The key for her conversion – and the focus of her faith – was grace. A class taught by a pastor introduced the term in a way that resonated with her. “I hadn’t learned about grace from the church,” she said of her past. “But I did learn about it from sober drunks who managed to stop drinking by giving their will over to the care of God and who then tried like hell to live a life according to spiritual principles.” The Lutheran church, which stressed the centrality of grace rather than a set of rules to follow, became her spiritual home.
In time, when she was presented with the idea that she could find her sense of purpose as a member of the clergy, she hesitated. “I’m a lousy candidate. I swear like a truck driver, I’m covered with tattoos, and I’m kind of selfish. Nothing about me says ‘Lutheran pastor.’” But her love of Lutheran theology and desire to share it with others pushed her toward ministry. She decided it was her calling.
Bolz-Weber’s journey of sobriety – marriage to Matthew, the birth of two children, college and then seminary – landed her in the Evangelical Lutheran Church in America, a liberal-leaning denomination. (Full disclosure: I belong to a local Evangelical Lutheran Church in America congregation.) In 2008, Bolz-Weber organized an urban congregation in Denver and called it House for All Sinners and Saints (HFASS). Her straight-talking, profanity-laden style of speaking connected with a subset of society that middle-class congregations rarely relate to. Gays, lesbians, transsexuals and bisexuals were welcomed at her church.
Even the title she gave herself, pastrix, had a thumb-your-nose aspect to it. She defines it as a term used to describe female pastors by “unimaginative sections of the church.” She also likes an additional definition that connects with those whom she serves: “Cranky, beautiful faith of Sinner & Saint.” In many respects, the title reflects the ongoing struggle she has with her uninhibited self and the commitment to love the unlovable – yes, even those in the burbs.

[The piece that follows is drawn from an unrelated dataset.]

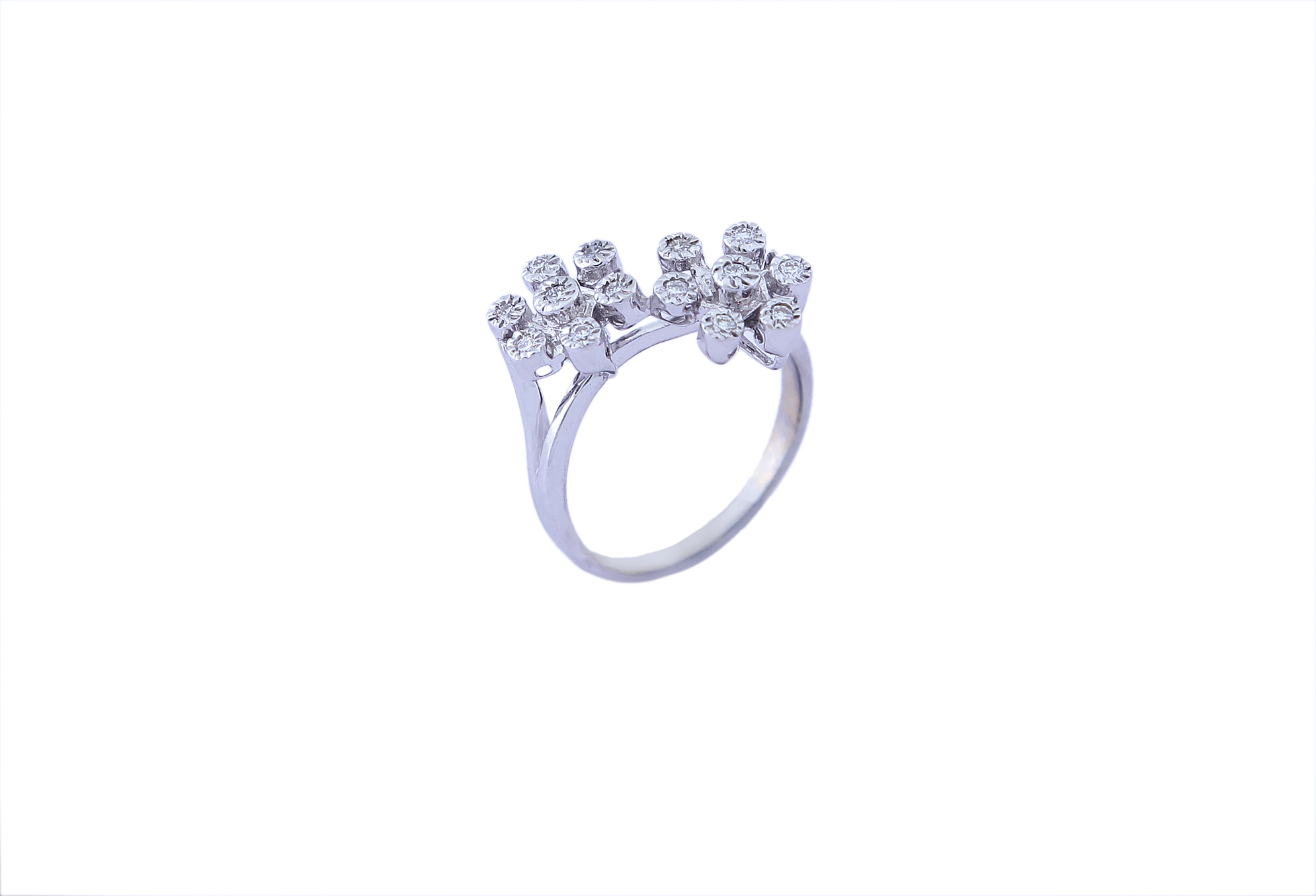 Beautiful Natural Diamond Ring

Her story doesn’t end with church-growth success – standing-room-only crowds at HFASS – or an easy life of faith for herself. Bolz-Weber recounts the struggles of her small congregation, the media attention she attracted because of her unconventional manner and speech, and the ongoing personal battles with anger, impatience and downright crankiness. But as she tells it, she remains faithful to what she understands the grace of God to be in her life and in those who struggle, too.
Her book will unsettle the more enculturated Christian but will resonate with many turned off by institutional religion or by a narrow understanding of the Christian faith. As Bolz-Weber might put it: Read it at your own risk, (fill in the expletive blank).